The UK government has opened its call for evidence over the use of ‘randomised monetisation mechanics’ aka loot boxes in videogames.
The call is asking for input and feedback from gamers (and their parents/guardians), developers, industry, and academia over concerns that the use of loot boxes are harmful and should be subject to restrictions under the Gambling Act.
The consultation is calling for both positive and negative experiences of loot boxes and other randomised monetisation in video games.
The Department for Culture, Media & Sport has already carried out extensive research into the use of lootboxes and similar mechanics in a gaming context.

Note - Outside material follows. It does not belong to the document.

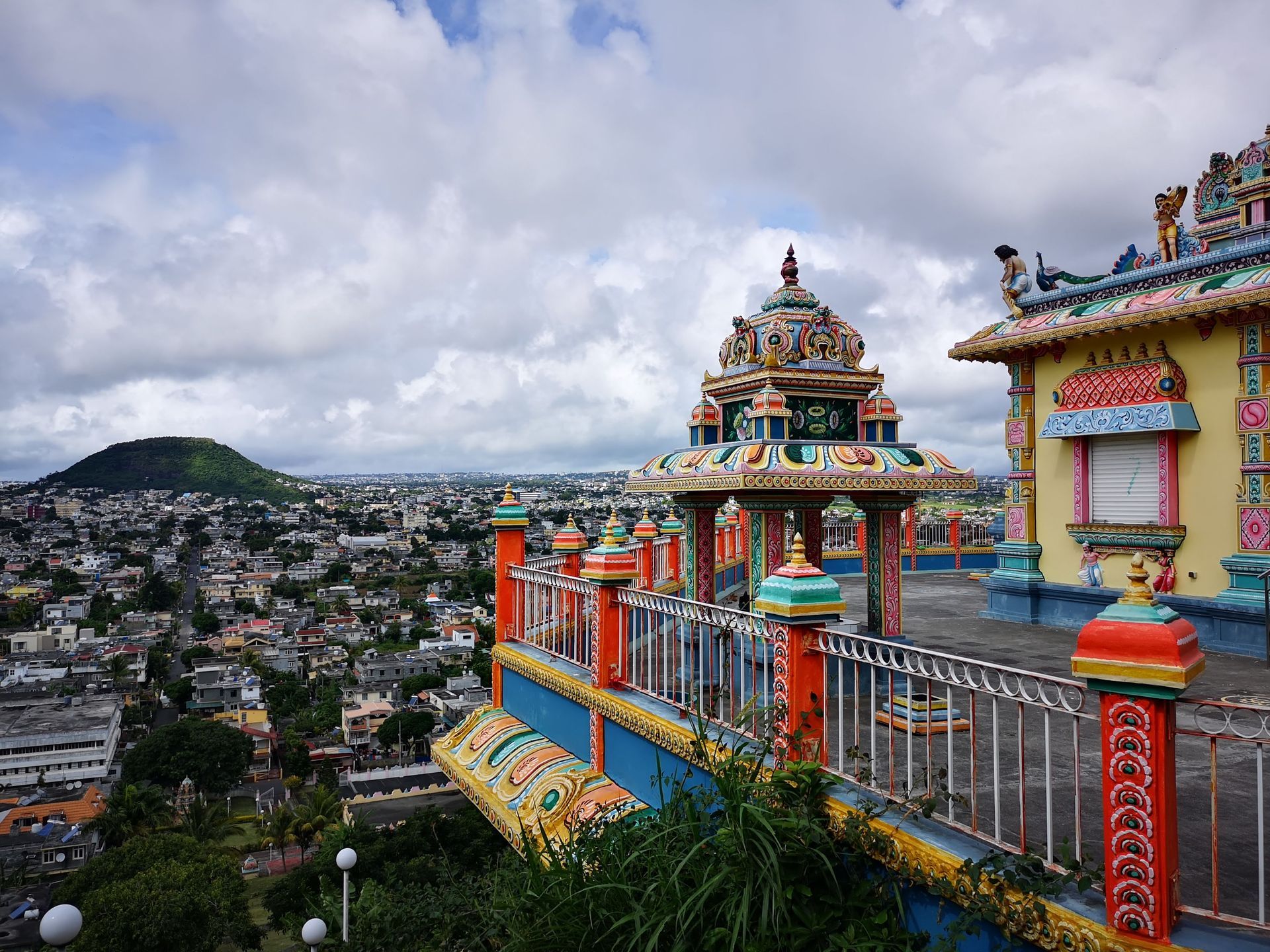 A view of a city from the top of a Corde De Gaurd Mountain in Mauritius at a Temple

Towards the end of 2019, the committee concluded that loot boxes are harmful, particularly to children, a conclusion supported by the NHS’ mental health director and UK Children’s Commissioner.

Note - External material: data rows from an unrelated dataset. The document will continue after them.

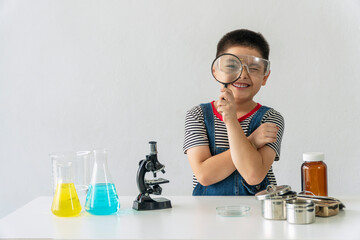 Education scientists concept. Little kid scientific boy holding magnifying in his hand front view...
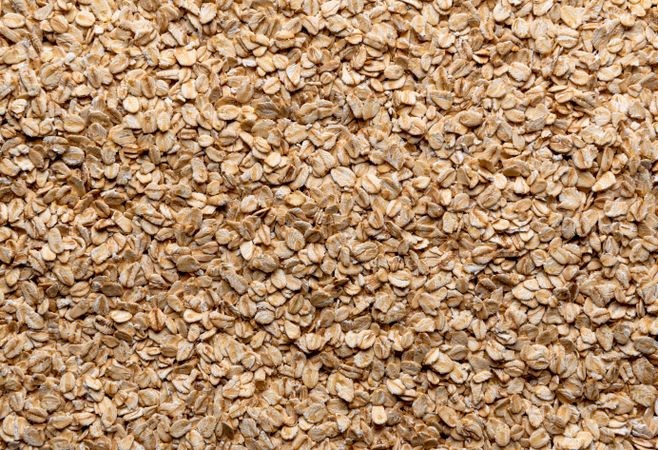 Oat cereals pile above view, full frame background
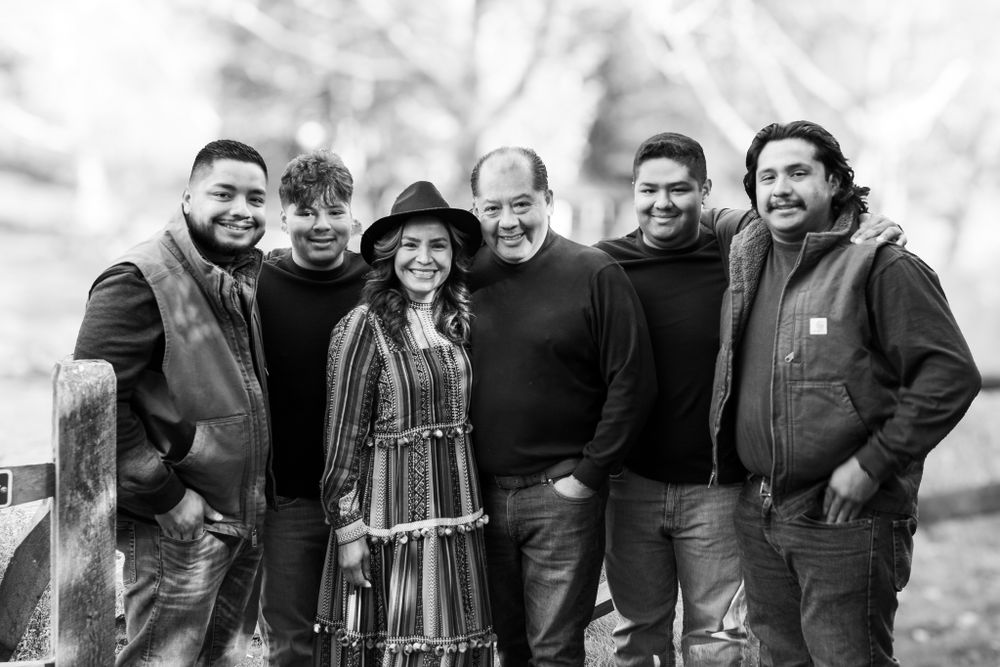 Black and white photo of six people smiling together outdoors in a park setting during autumn.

The committee recommended that games containing lootboxes should not be sold to children. This conclusion was supported by the House of Lords gambling committee in July 2020.
While industry representatives have engaged with the government in the recent past, the results were not exactly positive.

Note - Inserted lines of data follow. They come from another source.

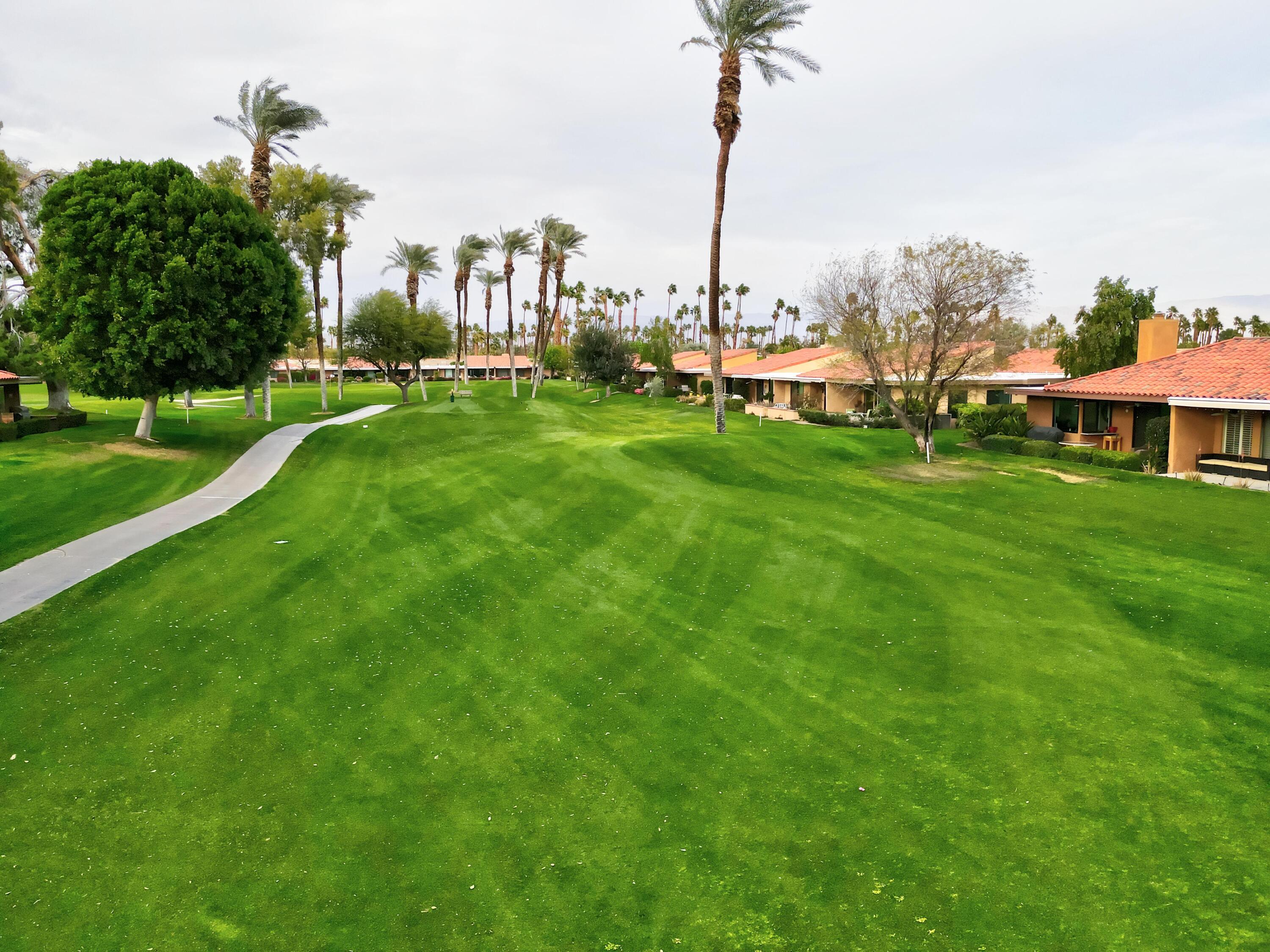 24 Granada Drive Rancho Mirage, CA 92270 - Photo 35 of 36 a view of a city with tall buildings and a big yard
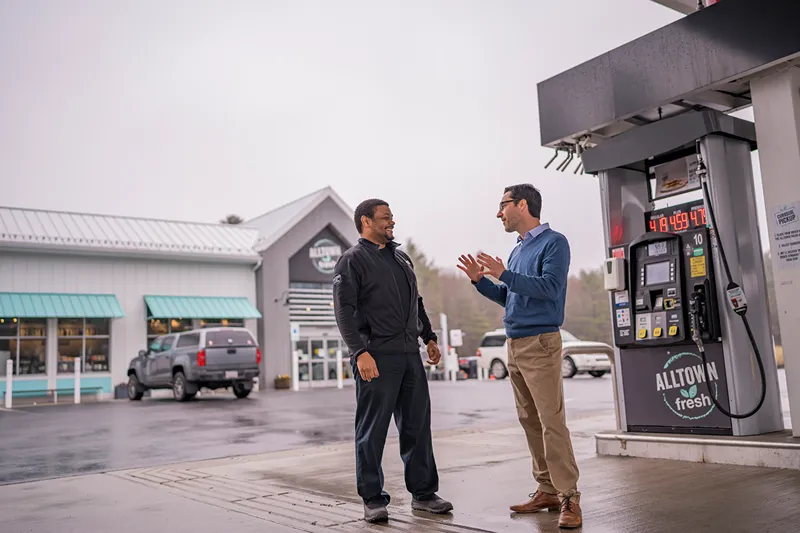 Two men talking near a gas station pump with a building in the background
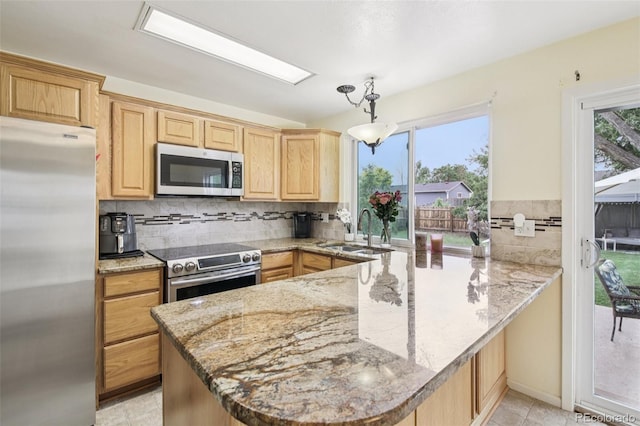 7075 Welch Ct, Arvada, CO 80004 - kitchen with appliances with stainless steel finishes, a sink, light brown cabinetry, and a peninsula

So this is an opportunity for the industry to take some sort of responsibility and act in the best interests of both the games sector and vulnerable players.
Caroline Dinenage, Minister for Digital and Culture told GamesIndustry.biz:
Our valued video game industry is making good progress developing safer environments for our children to play in, such as parental controls that can be set to schedule and limit playtime.
But we’ve listened to parents’ concerns about loot boxes and it’s right that we fully examine and understand any evidence of the harm or links to problem gambling they can cause, so we can decide if action is needed.
The deadline for submissions is November 22, 2020. The submission form, along with more information on the call can be found on the government’s website.